Vladimir Ivanov comments on Debunking claims about subquadratic attention

Vladimir Ivanov 7 Jan 2026 12:01 UTC
1 point
0
Yes, your model is correct. I wanted to make things as simple as possible when writing the blogpost but probably went too far with this one and ended up just making it confusing / partially innacurate. There are two reasons autoregressive LLM inference is inefficient at long contexts:
- You need to load the whole KV cache from VRAM at every forward pass.

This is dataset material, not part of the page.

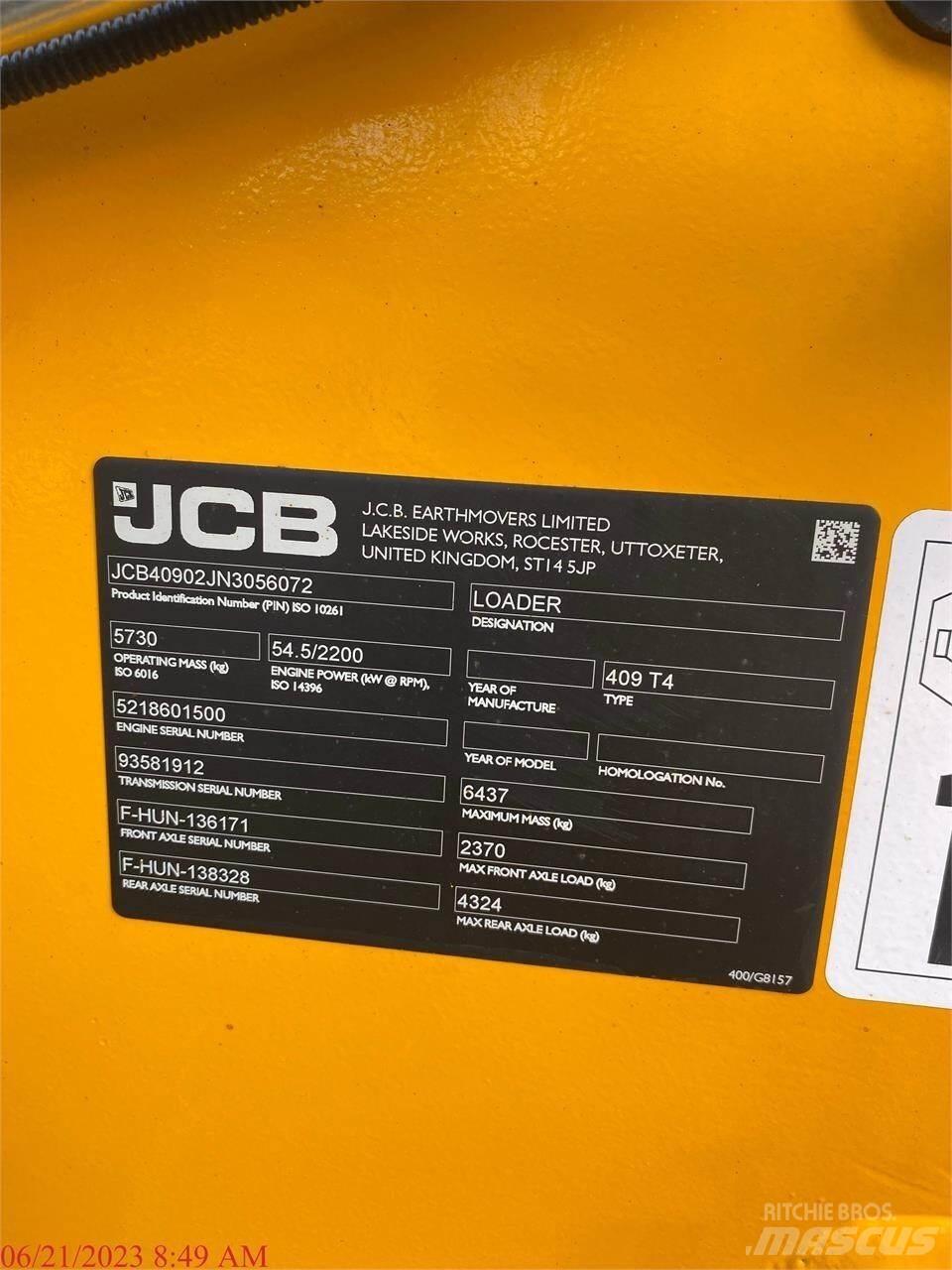 JCB 409 Chargeuse sur pneus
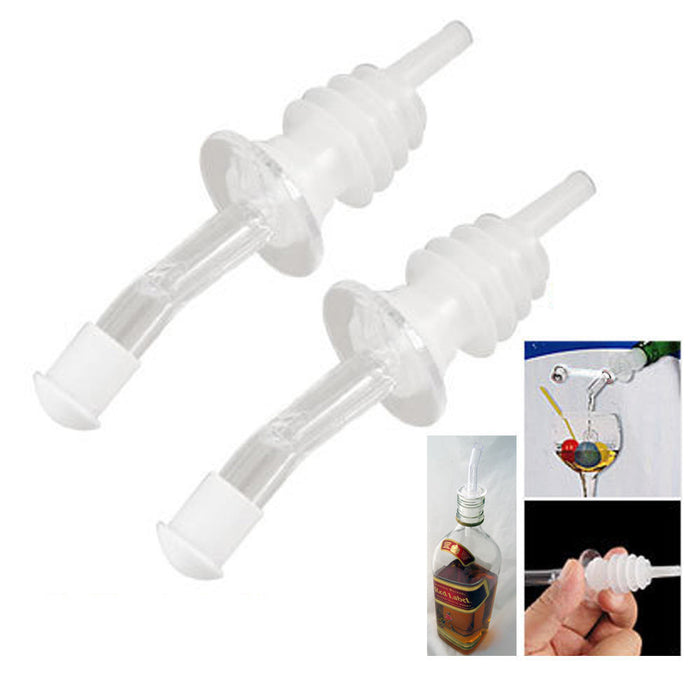 12 Bottle Pourers Wine Liquor Stopper Flair Spout Bar Plastic Free Flow Pour New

- Since you need to store the whole KV cache in the VRAM for each sequence and KV caches are big, you can only store a small number of KV caches so you can only have small batch sizes. This makes inference inefficient because you have to load the weights from VRAM at every forward pass.
-- Explanation of why big batch sizes are important for making LLM inference efficient (skip if you already know): This is because GPUs have a lot more FLOPs than they have memory bandwidths. So if you multiply batch_size vectors of dimension d_model by a d_model x d_model (or d_model x d_mlp or whatever) matrix and batch size is small, you need O(d_model * d_model + batch_size * d_model) memory reads and O(batch_size * d_model * d_model) FLOPs, so this is bottlenecked by VRAM reads and most compute units just stay idle at small batch sizes, but is bottlenecked by FLOPs at big batch sizes.

I also am somewhat surprised that it’s so hard to make attention more efficient.